Quels sont vos objectifs pour la branche marchandises ?

La réforme ferroviaire lève les handicaps lourds qui pesaient sur le fret ferroviaire. Tous les acteurs du secteur sont en train de préparer des nouveaux projets de développement, nous compris. C’est une perspective positive qui n’existait pas auparavant. Avec Geodis, nous sommes le numéro un français de la logistique d’ambition internationale, et nous voulons le rester. Notre marge moyenne est supérieure à celle du secteur, et nous avons adopté cet été un plan stratégique qui va conforter la rentabilité.  Nous sommes toujours ouverts à une acquisition , il faut trouver la bonne. Nous avons les moyens de la financer : la dette de SNCF Mobilités, qui représente trois fois l’Ebitda de l’entreprise, est stable depuis huit ans.

 

Quelle sera l’organisation du futur groupe ?

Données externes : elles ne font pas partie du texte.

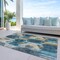Homeroots 5' X 8' Teal Blue Gold And Silver Geometric Washable Indoor Outdoor Area Rug 618758 - alternate 9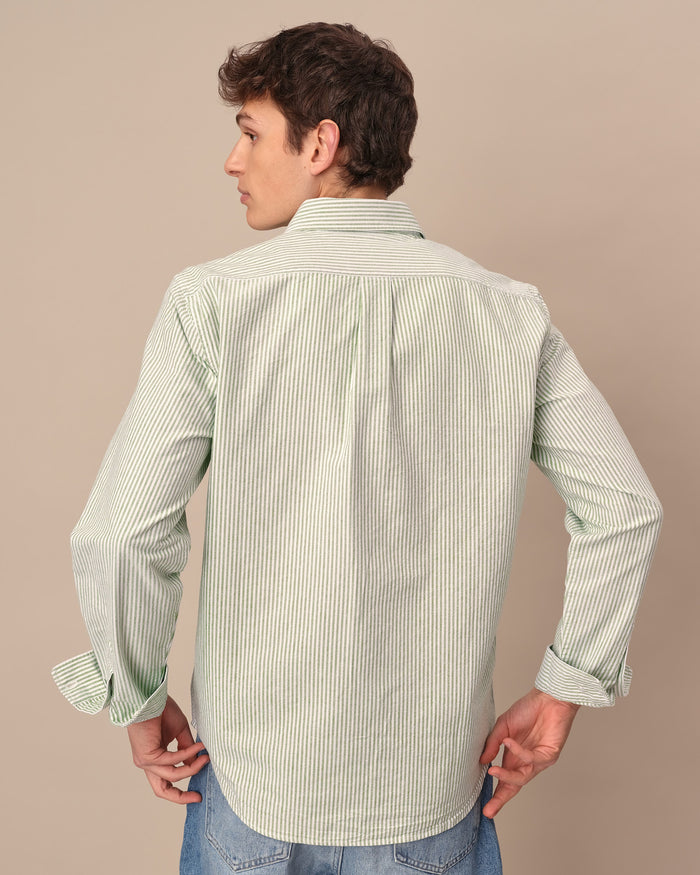Men's Babar Long Sleeve Classic Fit Striped Oxford Shirt Green / White University Stripe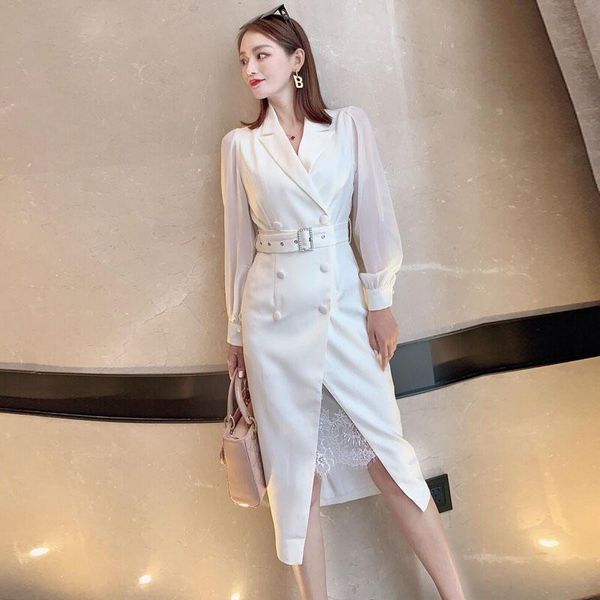 

women fashionol elegant spring summber slit dress casual dresses, Black;gray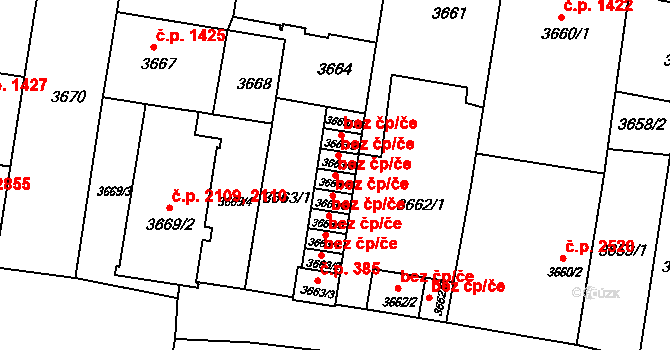 České Budějovice 48447331 na parcele st. 3663/7 v KÚ České Budějovice 3, Katastrální mapa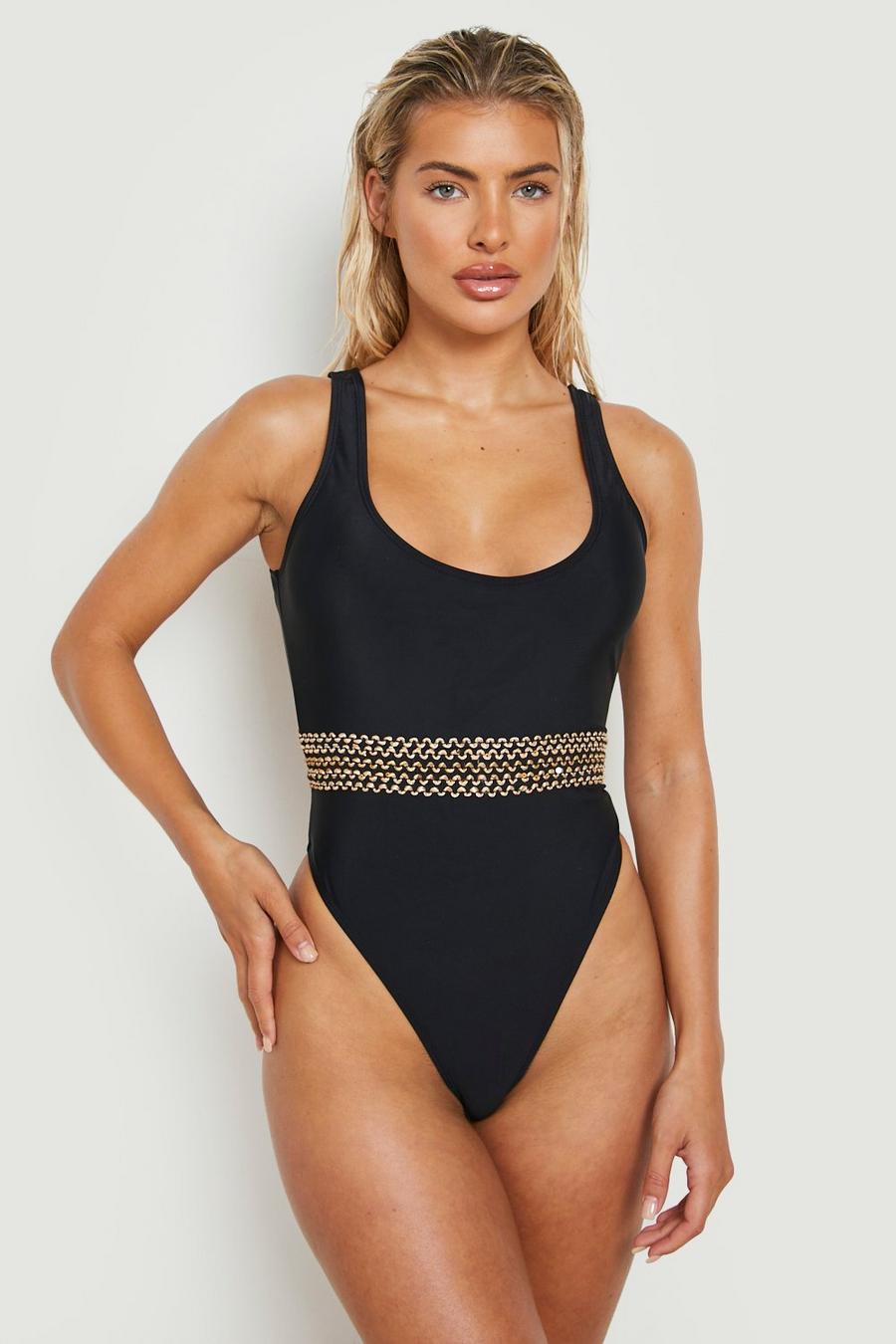 Black Embellished Trim Scoop Swimsuit image number 1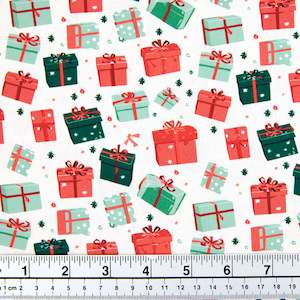 Christmas Cotton Print Fabric,Cream/Red And Green Presents- Width 112cm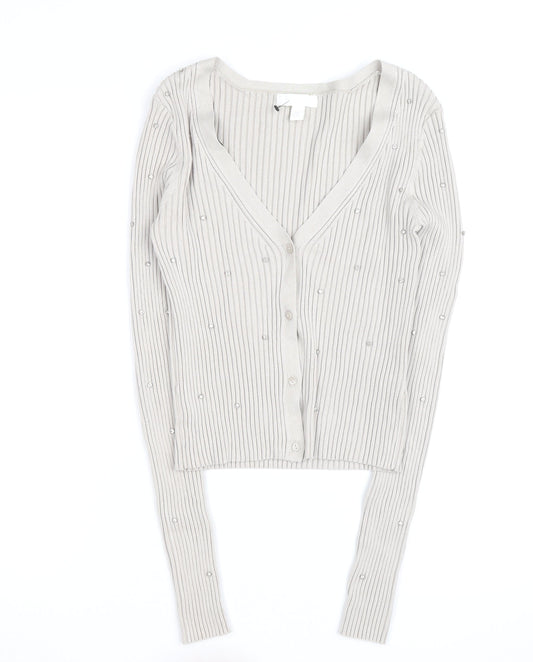 H&M Women’s Beige Beaded Ribbed V-Neck Cardigan Size M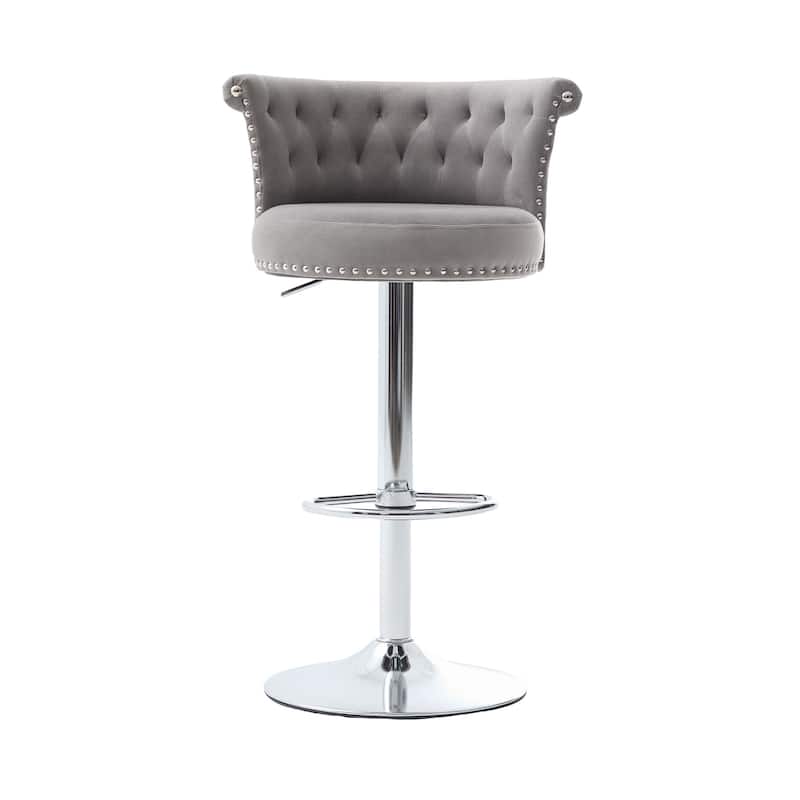 Adjustable Swivel Bar Stools with Silver Plated Metal Leg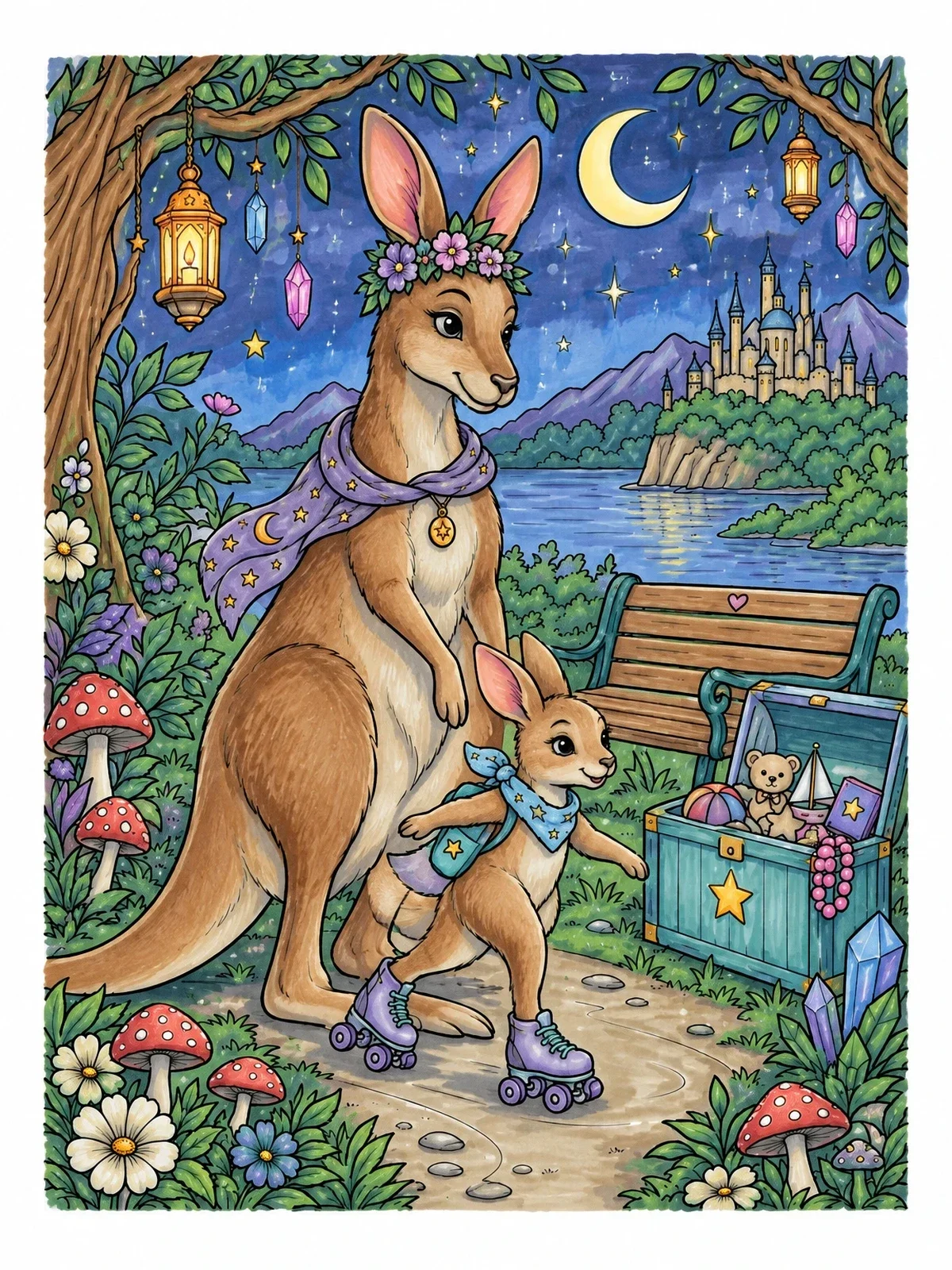 Colored example of the Roller Skating Joey And Mother Kangaroo coloring page
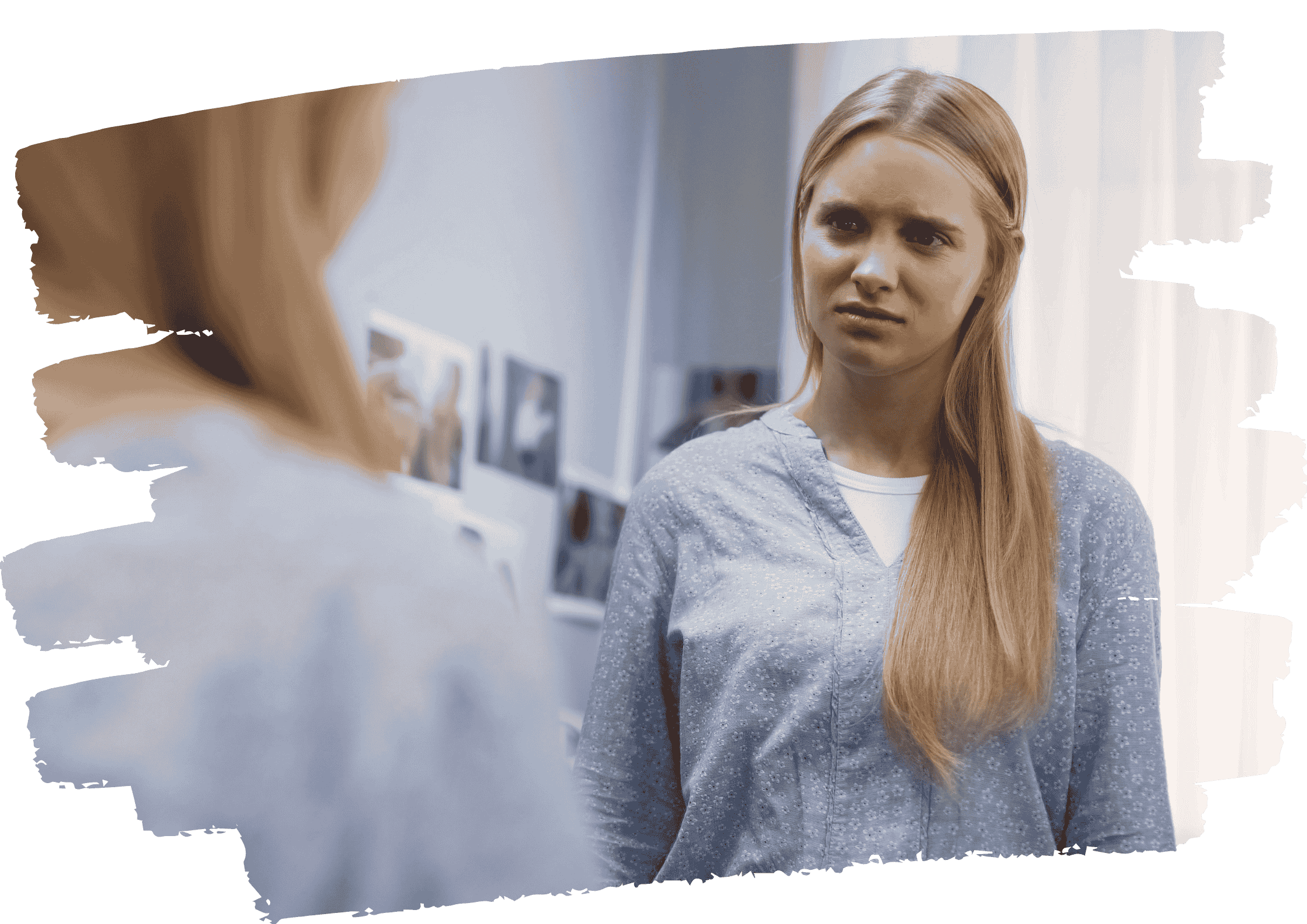 Woman looking at her reflection with concerned expression, representing self-doubt and inner criticism Woman looking at her reflection with concerned expression, representing self-doubt and inner criticism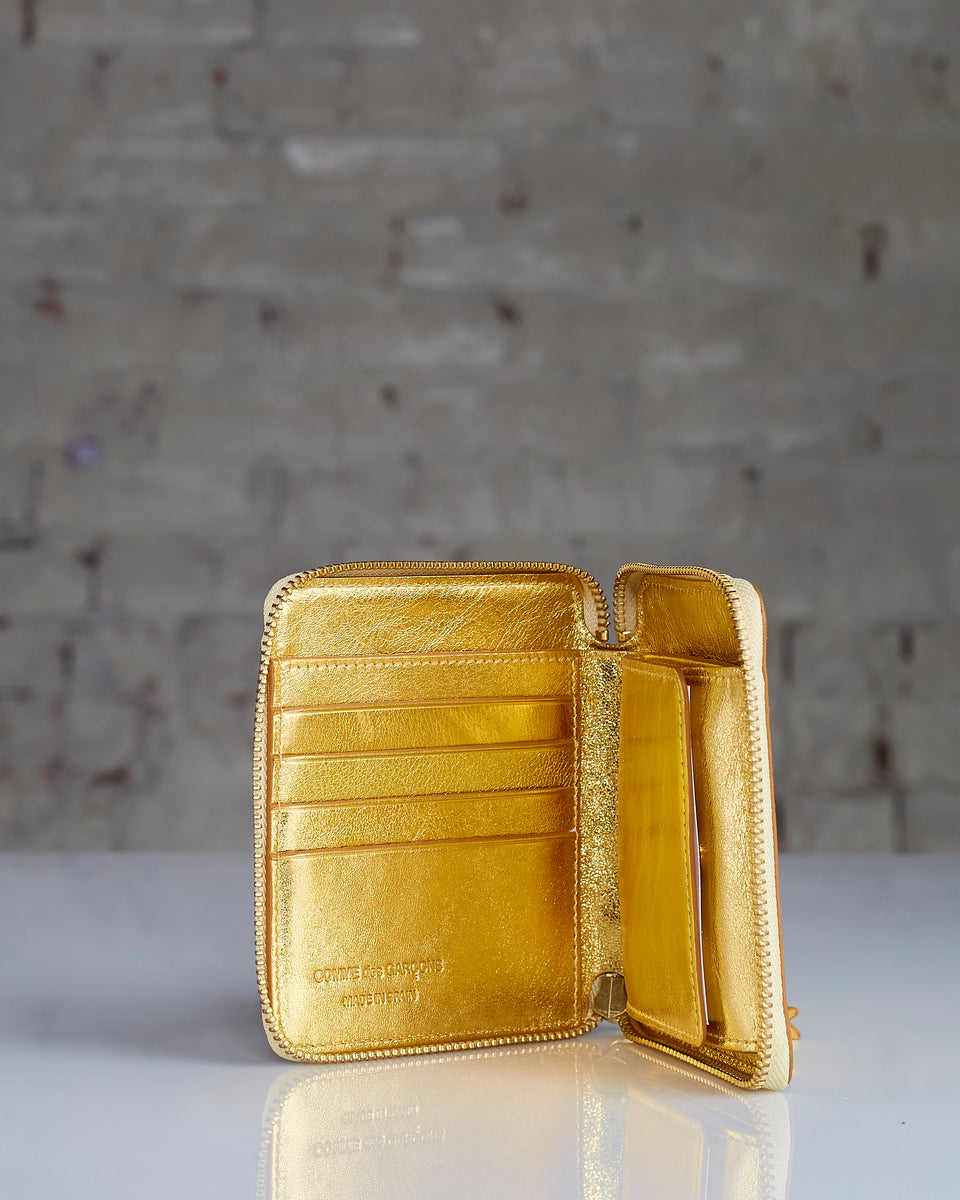 Comme des Garçons Wallet Gold and Silver Zip Wallet Gold – LESS 17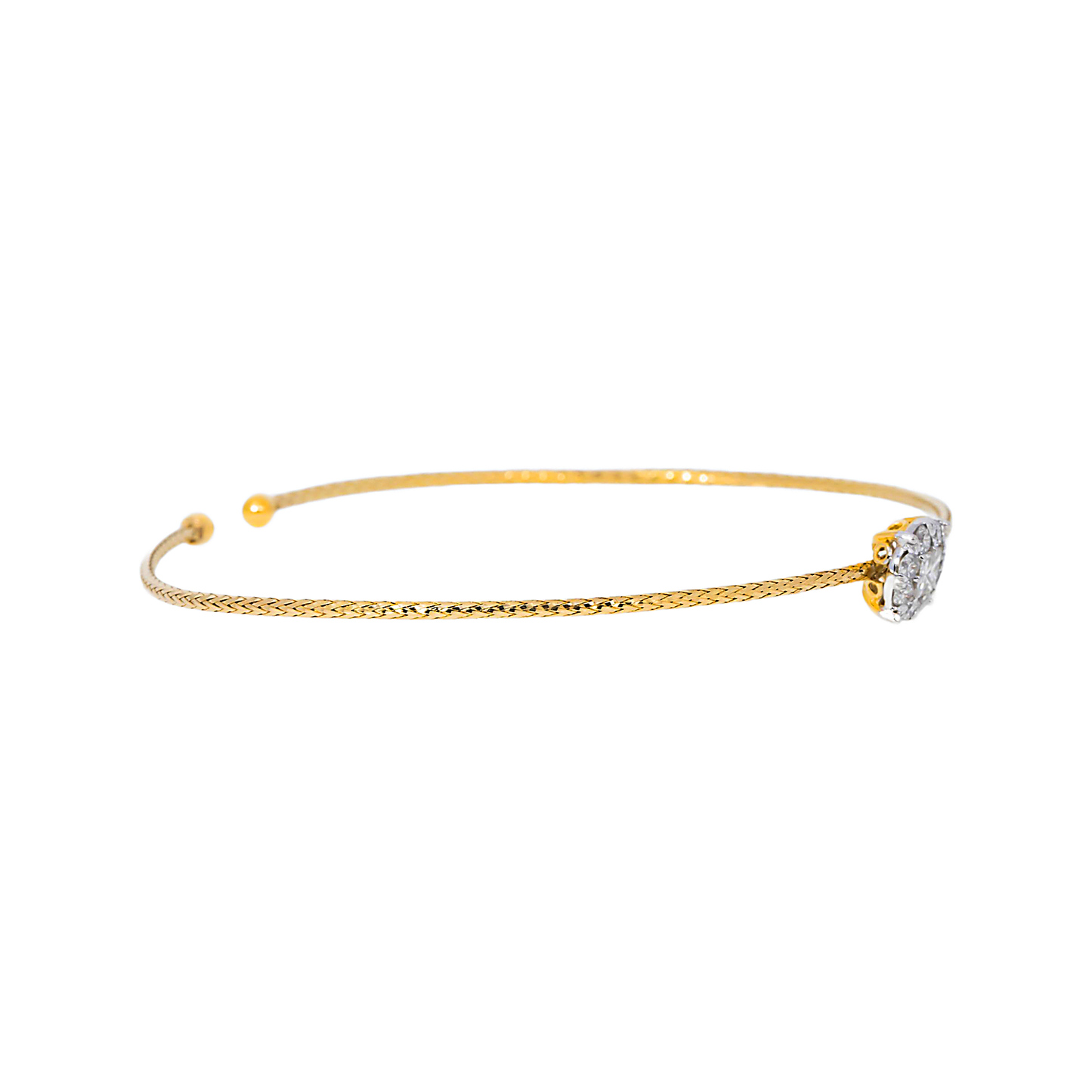 14K GOLD ROUND DIAMOND CLUSTER THIN OPEN BANGLE BRACELET 0.55 CT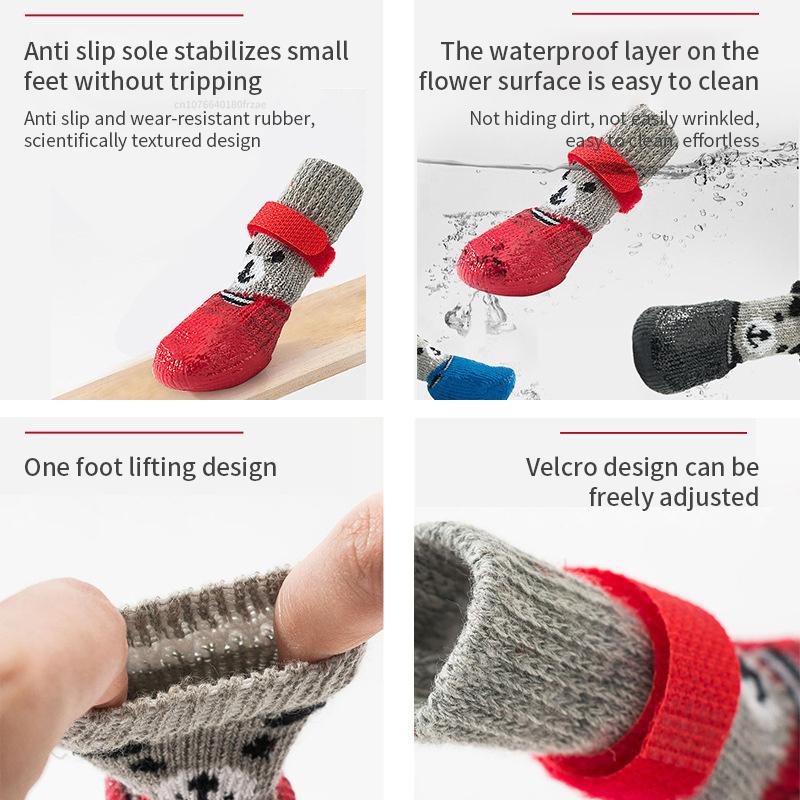 4 шт./лот, зимние теплые носки для собак, противоскользящие непромокаемые зимние сапоги, непромокаемая обувь для собак чихуахуа, ботинки для маленьких и больших собак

Le groupe public unifié sera composé de sociétés qui auront chacune leur conseil d’administration. Cela va responsabiliser l’ensemble des activités. C’est un choix extrêmement ambitieux qu’ont fait Édouard Philippe et Élizabeth Borne dans le cadre de la réforme, et qui consiste à faire de la SNCF une entreprise à part entière. La société anonyme de tête sera dans une logique de holding. Geodis lui sera rattaché, ainsi que le transport ferroviaire de marchandises. Les gares seront une filiale de SNCF Réseau. SNCF Mobilités deviendra Mobilité voyageurs, avec Keolis comme filiale. C’est un véritable new deal : nous allons passer du statut d’établissement placé sous la tutelle de l’État à celui d’une véritable société, pleinement responsabilisée, 100 % publique.